Topics of interest include (but are not limited to):
- Literary Translation: Strategies, challenges, and creative choices in translating prose, poetry, and drama; comparative analyses of translations across languages.
- Film and Audiovisual Translation: Subtitling, dubbing, and localization; cultural adaptation in global cinema and streaming platforms.
- Cross-Media Adaptation: Translation between media forms—literature to film, graphic novels to games; intersemiotic translation and multimodal storytelling.
- Cultural and Political Dimensions: Translation as a site of power, resistance, and negotiation; colonial and postcolonial perspectives on translation.
- Identity and Representation: How translation shapes cultural identity; gendered and racialized dynamics in translation practices.
- Digital and Amateur Translation: Fan translations, crowdsourced subtitling, and the role of technology in democratizing or complicating translation.
- Theories and Histories of Translation: Philosophical approaches to translation; historical trajectories and shifting paradigms.
- Language Contact and Hybridity: Translating idioms, metaphors, and cultural references; challenges of linguistic diversity and multilingual texts.
- AI and Machine Translation: The impact of artificial intelligence and large language models on translation practices; tensions between computer-led and human-led translation; questions of creativity, accuracy, and cultural nuance in automated translation; ethical and professional implications for translators. (Note: Theoretical computer science studies are considered out of scope).

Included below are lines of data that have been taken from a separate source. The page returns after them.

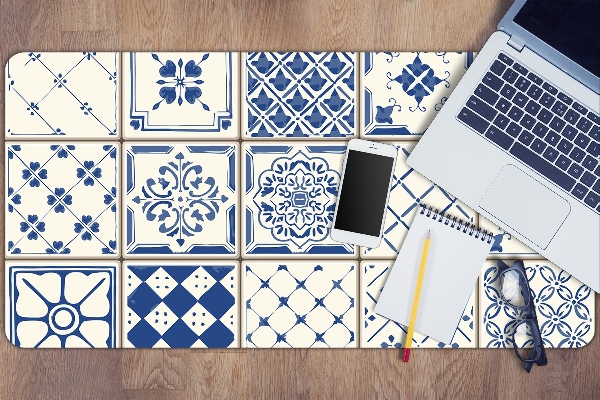 Sottomano da scrivania Piastrelle Blu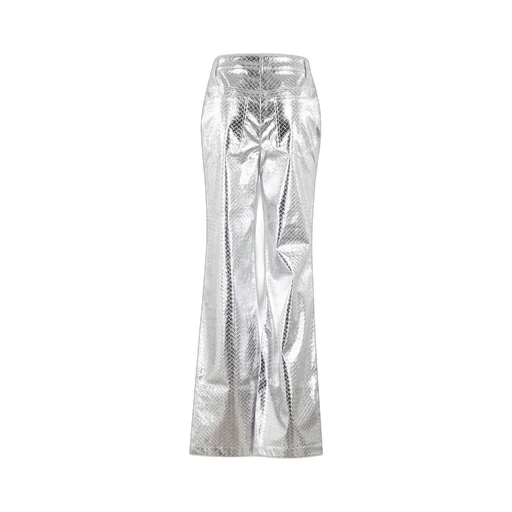 Rotate Metallic Effect Wide-Leg Trousers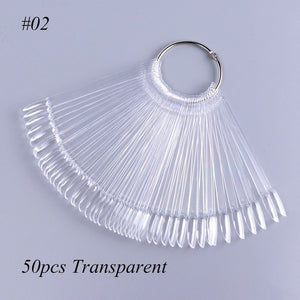 1Set False Nail Tips Fan Nature Nail Art Round Full Cover Display Practice Tool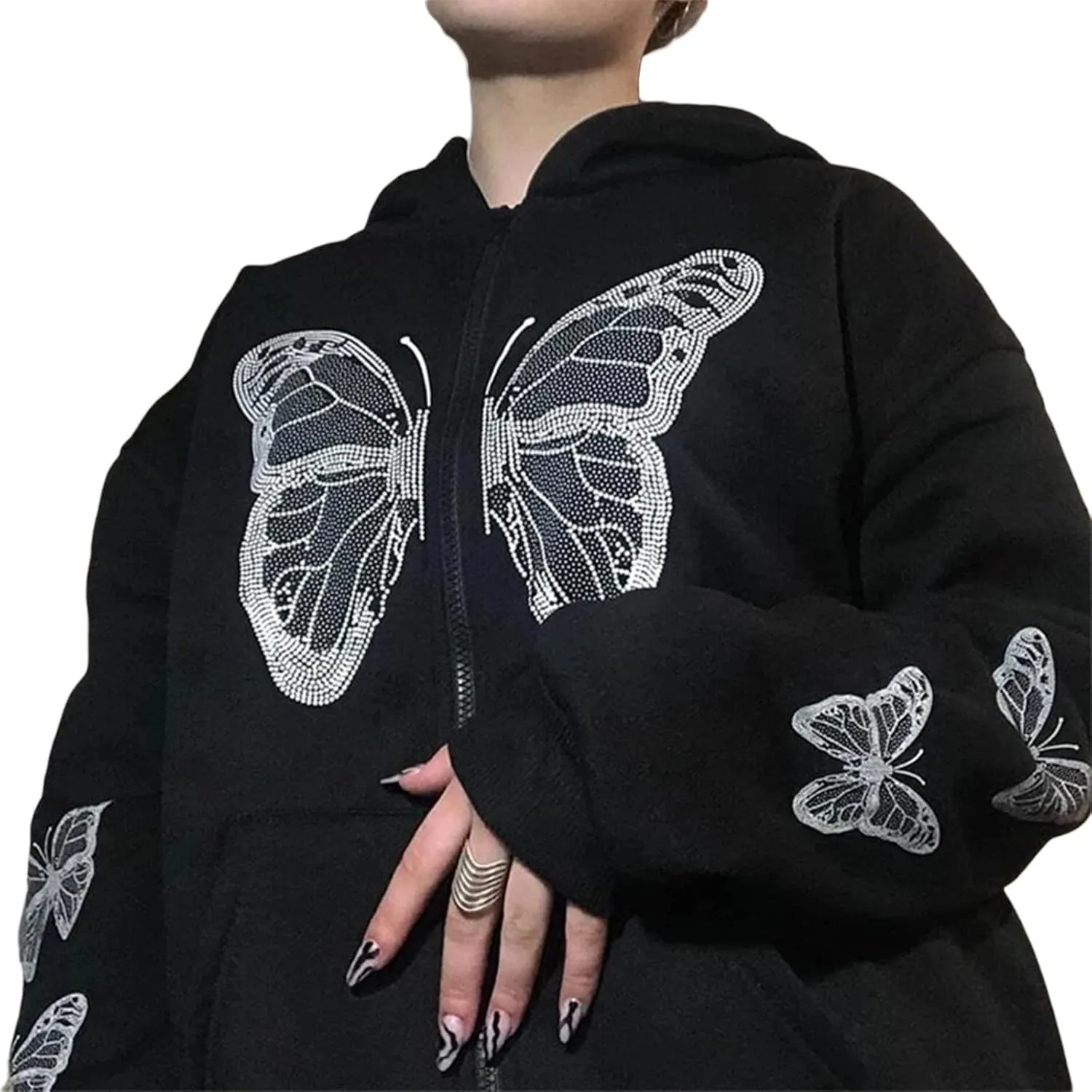 SOLILOQUY Women Zip Up Hoodie Y2k Vintage Graphic Oversized Hooded Sweatshirt Jacket Pullover Coats Harajuku Streetwear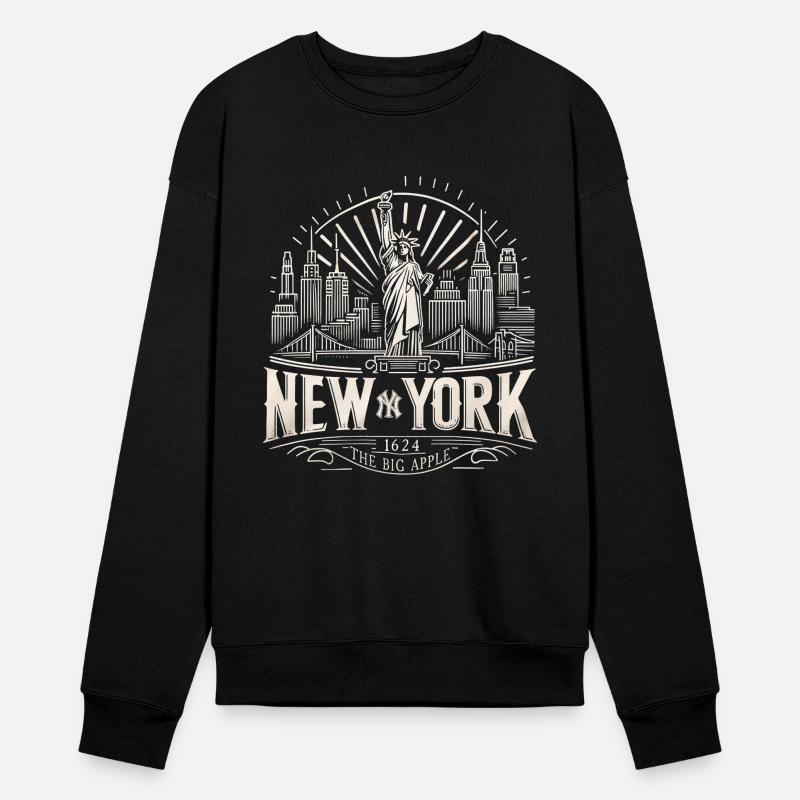 Men’s White Graphic Sweatshirt – NYC Statue of Liberty Print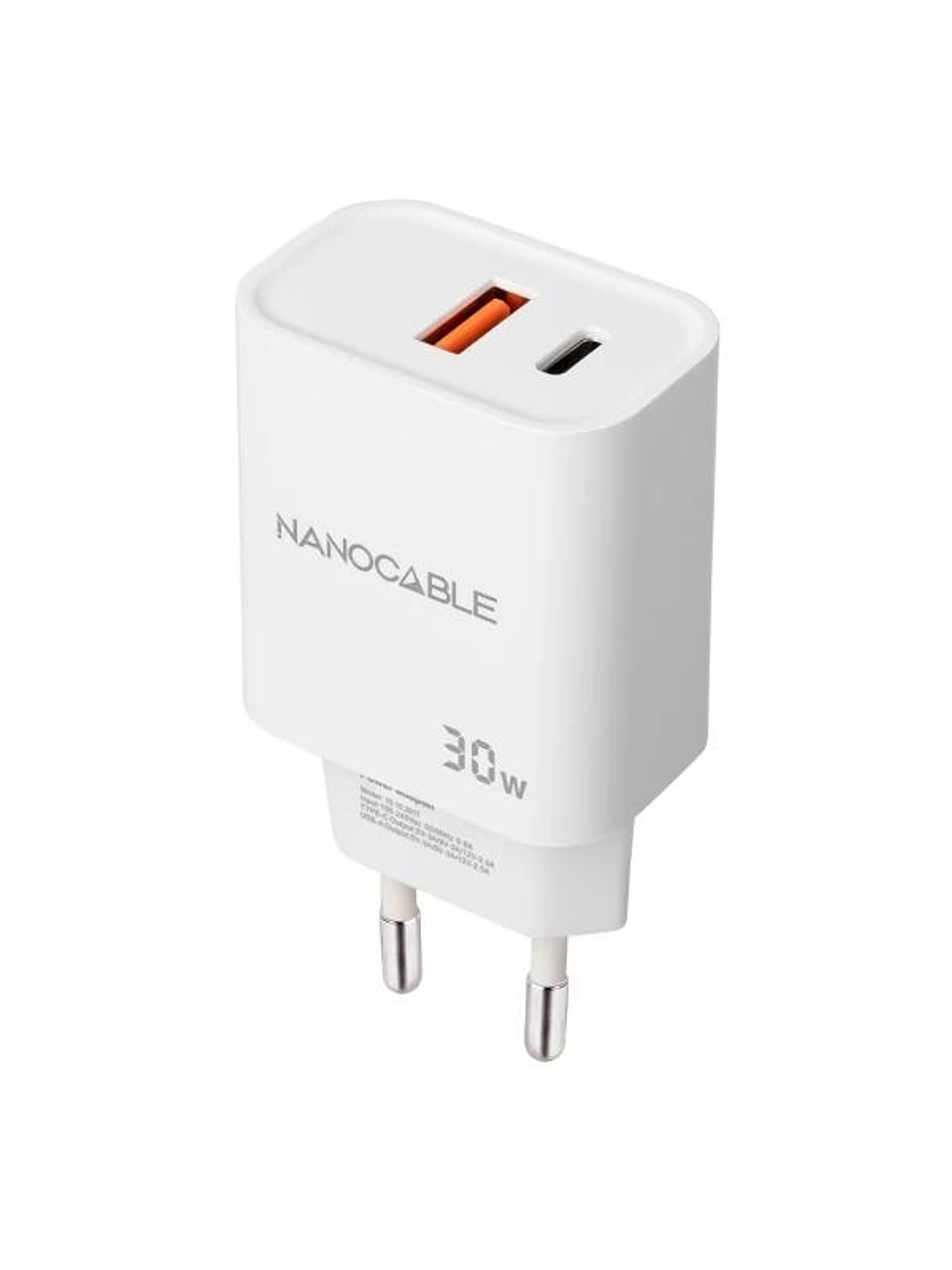 Nanocable Cargador USB-C/PD+USB-A/QC 30W Blanco 1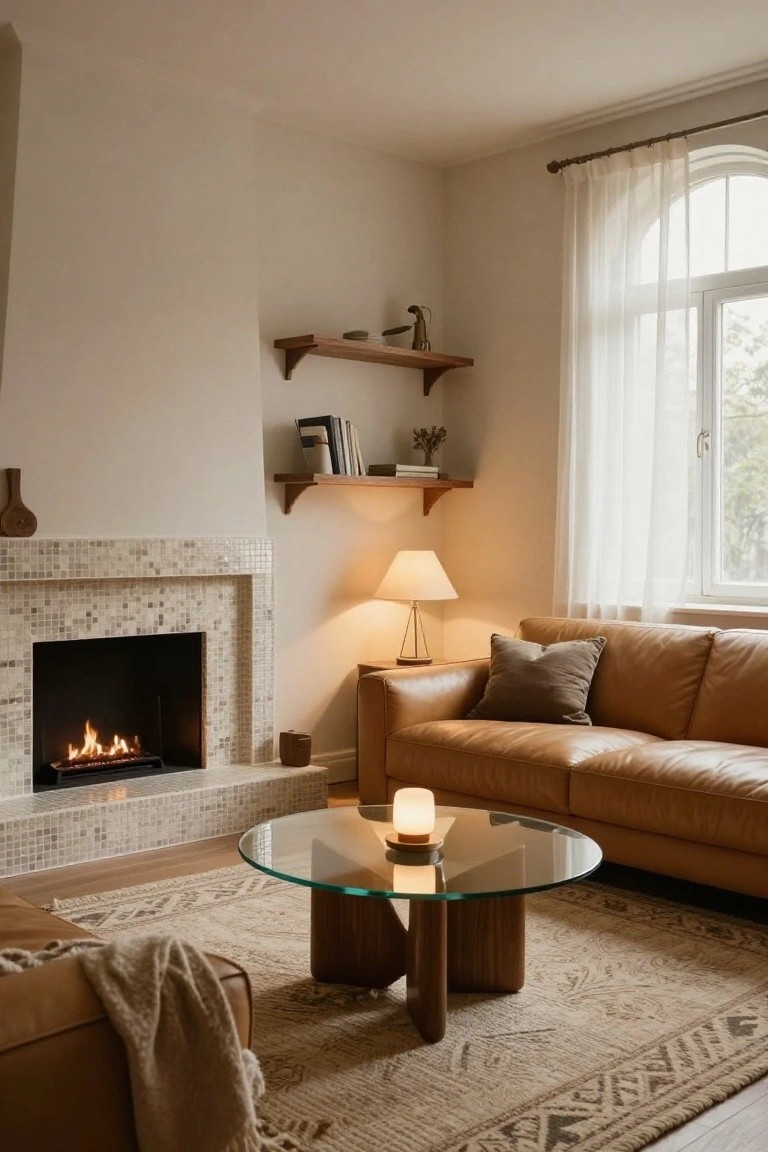 Living room corner with beige tiled fireplace, tan leather L-shaped sofa and ottoman, glass coffee table with wood legs on neutral patterned rug, wooden floating shelves with books and decor, table lamp, and sheer curtains over arched window.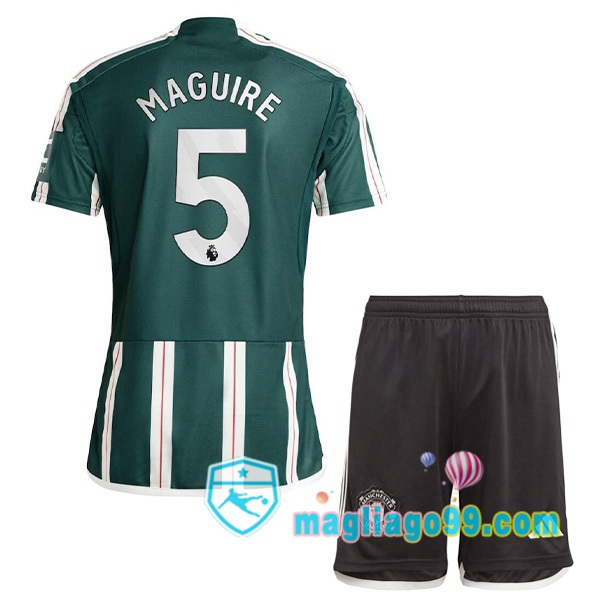 Maglia Manchester United (Maguire 5) Bambino Seconda Verde 2023/2024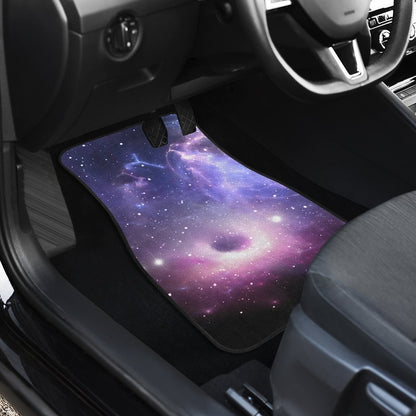 Dark Light Purple Galaxy Space Print Front and Back Car Floor Mats GearFrost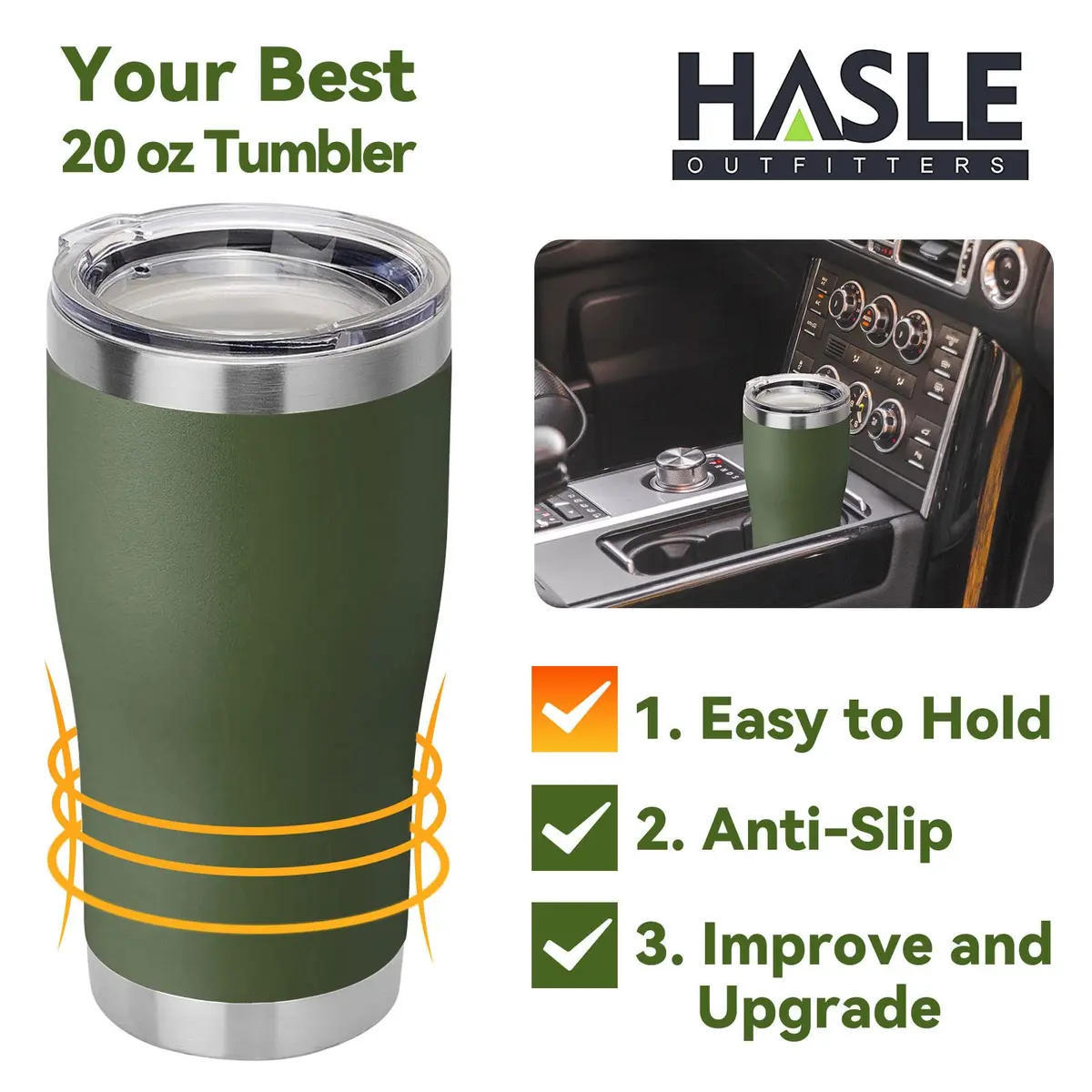 HASLE OUTFITTERS 20 oz Tumbler Bulk | Vacuum Insulated Stainless Steel Army Green - view 6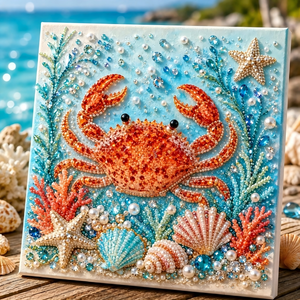 Octopus Diamond Painting DIY Kit 20×20cm, Available in Stretched Canvas with Frame & Unstretched Canvas No Frame Versions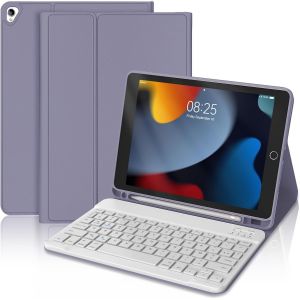 Clavier Coque Pour Ipad 9ème/8ème/7ème Génération 2021/2020/2019 10.2¿/Ipad Air 3 10.5"" 2019/Ipad Pro 10.5, Azerty Français Magnétique Amovible Clavier Bluetooth Etui Avec Porte Crayon - Neuf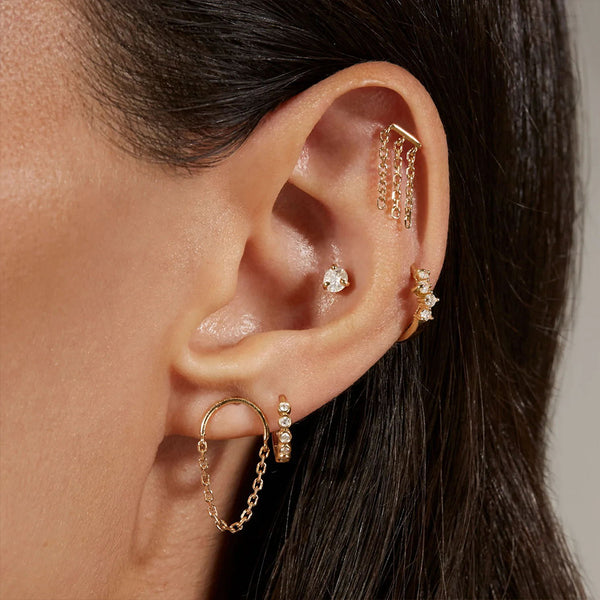 FE1928 925 Sterling Silver Dainty Link Chain Women Earring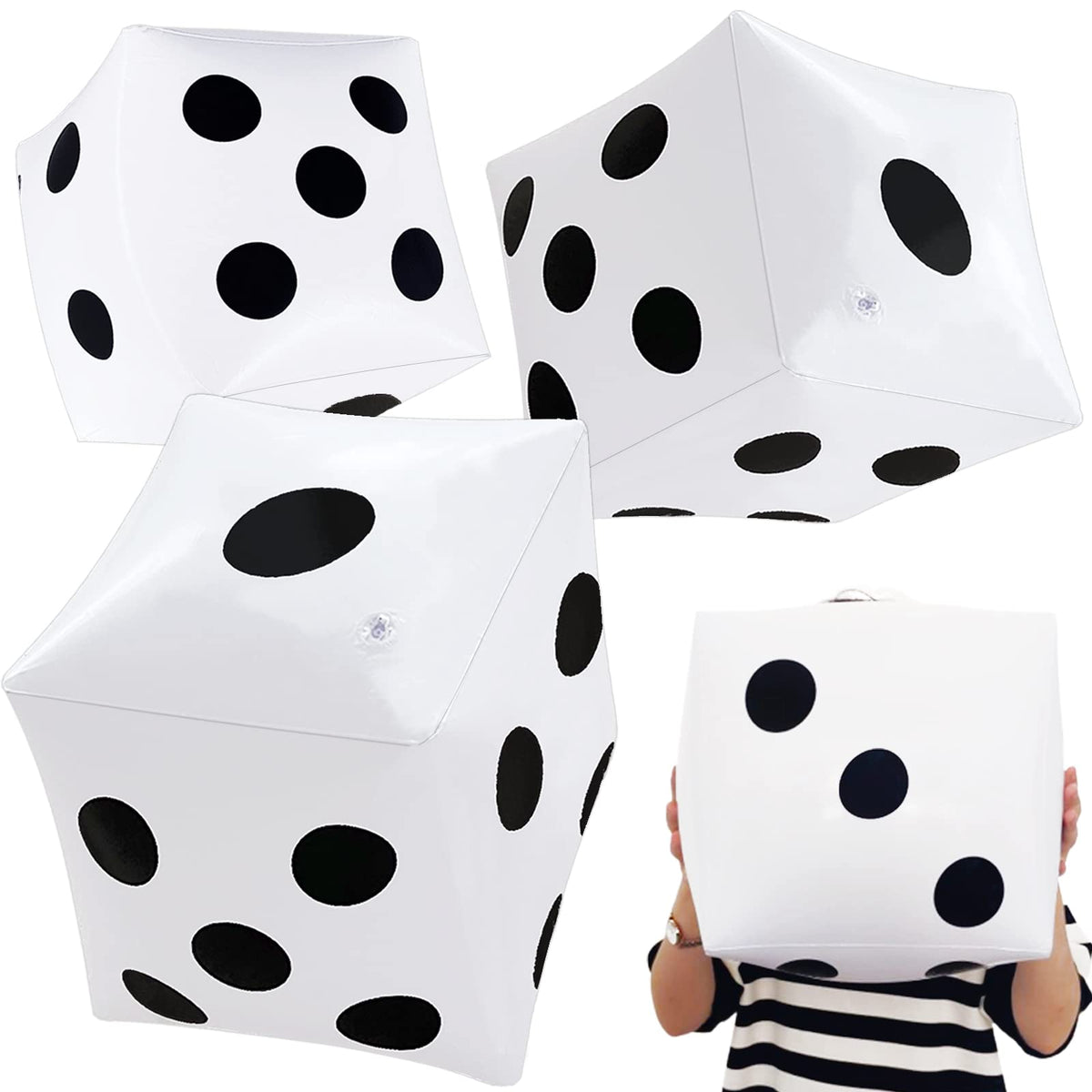 Dshengoo 3-Pack 13-Inch Jumbo Inflatable Dice – Giant Indoor/Outdoor Party Dice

We particularly encourage work that bridges disciplines, involves languages other than English and amplifies voices from underrepresented linguistic and cultural contexts.
Editors
Submitting a paper for consideration
To submit your manuscript for consideration at Humanities & Social Sciences Communications as part of this Collection, please follow the steps detailed on this page. On the first page of our online submission system, please select your article type from the drop down menu. When on the “details” tab, you will be presented with the option to select which Collection your article should be submitted to. Authors should also express their interest in the Collection in their cover letter.
Please ensure that your manuscript is submitted before midnight GMT on the listed deadline date. The submission system will close at exactly 00:00 GMT on the following day, so late submissions cannot be accepted.
Accepted papers are published on a rolling basis as soon as they are ready.